The Proposing Release seems to express concern that the provisions of expanded Rule 430A may make it difficult for underwriters of issuers eligible to use the proposed Rule to conduct their due diligence in an adequate manner. It has been my experience that in the small business issuermarket, Gatekeepers have practically all the transactional leverage. Therefore, it seems extremely unlikely that an issuer eligible reap the benefits of expanded Rule 430A could "force" an underwriter into an expedited, and perhaps truncated diligence process. The practical reality is that if these were the circumstances faced by the underwriter, they simply would refuse to participate in the selling efforts and the issuer would have to either accept the underwriter’s timetable and permit the diligence to be performed in accordance with the underwriter’s standards, or forego using that underwriter. I believe the concerns expressed in the Proposing Release are simply inapposite in the context of the small business issuer community. I do not believe that the Commission should attempt to alter the traditional role of due diligence in the offering process, and if this means small business issuers have slightly less rapid access to the capital markets, so be it. This force will potentially have the effect of creating closer relationships between a particular issuer and an underwriter (to take advantage of "knowing the company") which, should benefit all parties concerned.

Type of Security Offered

I believe expanded Rule 430A ought to be permitted to be used in contexts involving the sale of preferred stock or debt securities, provided, however, that in such instances material terms and conditions, covenants and other provisions be adequately disclosed. Perhaps, an approach the Commission should consider is whether or not to permit the use of the Rule only for securities which are listed on a national securities exchange or quoted on a qualifiying inter-dealer quotation system, or are equivalents of these, such as a convertible preferred stock or convertible debt, but excluding non-convertible preferreds and straight debt where such securities are not listed or quoted.

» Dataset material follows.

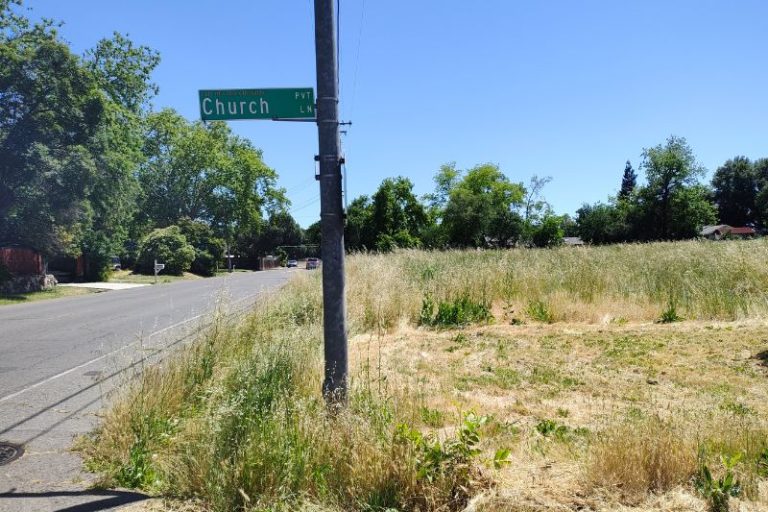 The corner of Mariposa Avenue and Church Lane.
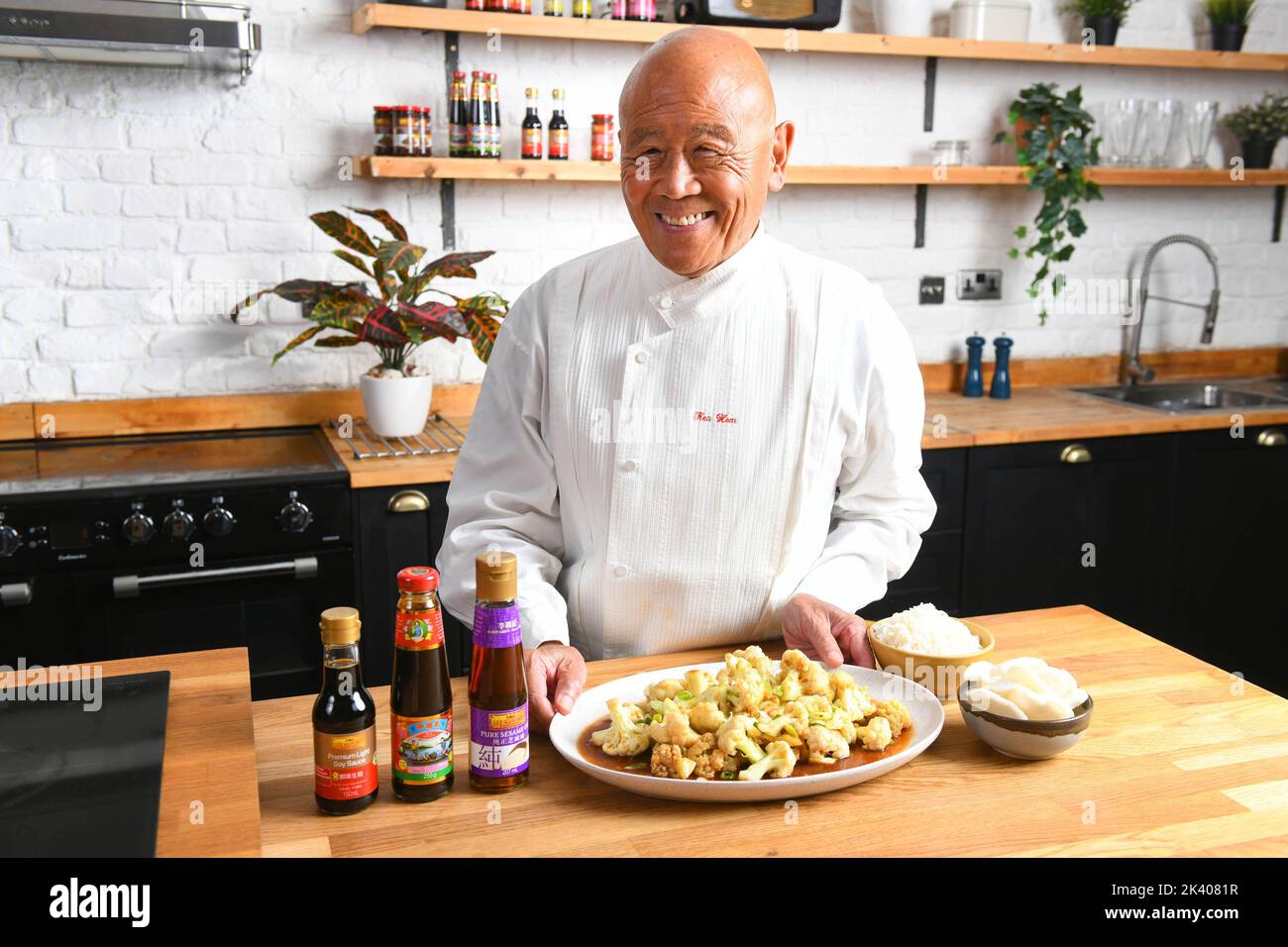 EDITORIAL USE ONLY Ken Hom cooks 'Ken's Braised Cauliflower with Oyster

Information Delivery Issues

As a general matter, I wholeheartedly concur with the spirit of the Proposing Release that requires an issuer to deliver updated company-related information to accompany a prospectus for offerings under expanded Rule 430A. This information delivery requirement should also be expanded to cover all Forms 8-K filed since effectiveness of the registration statement. Absent this information delivery condition, it is difficult to conjure a scheme that provides meaningful investor protection. I also support the option to permit an issuer to integrate all relevant Exchange Act information into a single supplement rather than delivering a handful of Exchange Act reports. Likewise, providing an option for electronic delivery as referenced in footnote 67 of the Proposing Release is a logical extension of the views of the Commission expressed in the releases referenced in that footnote.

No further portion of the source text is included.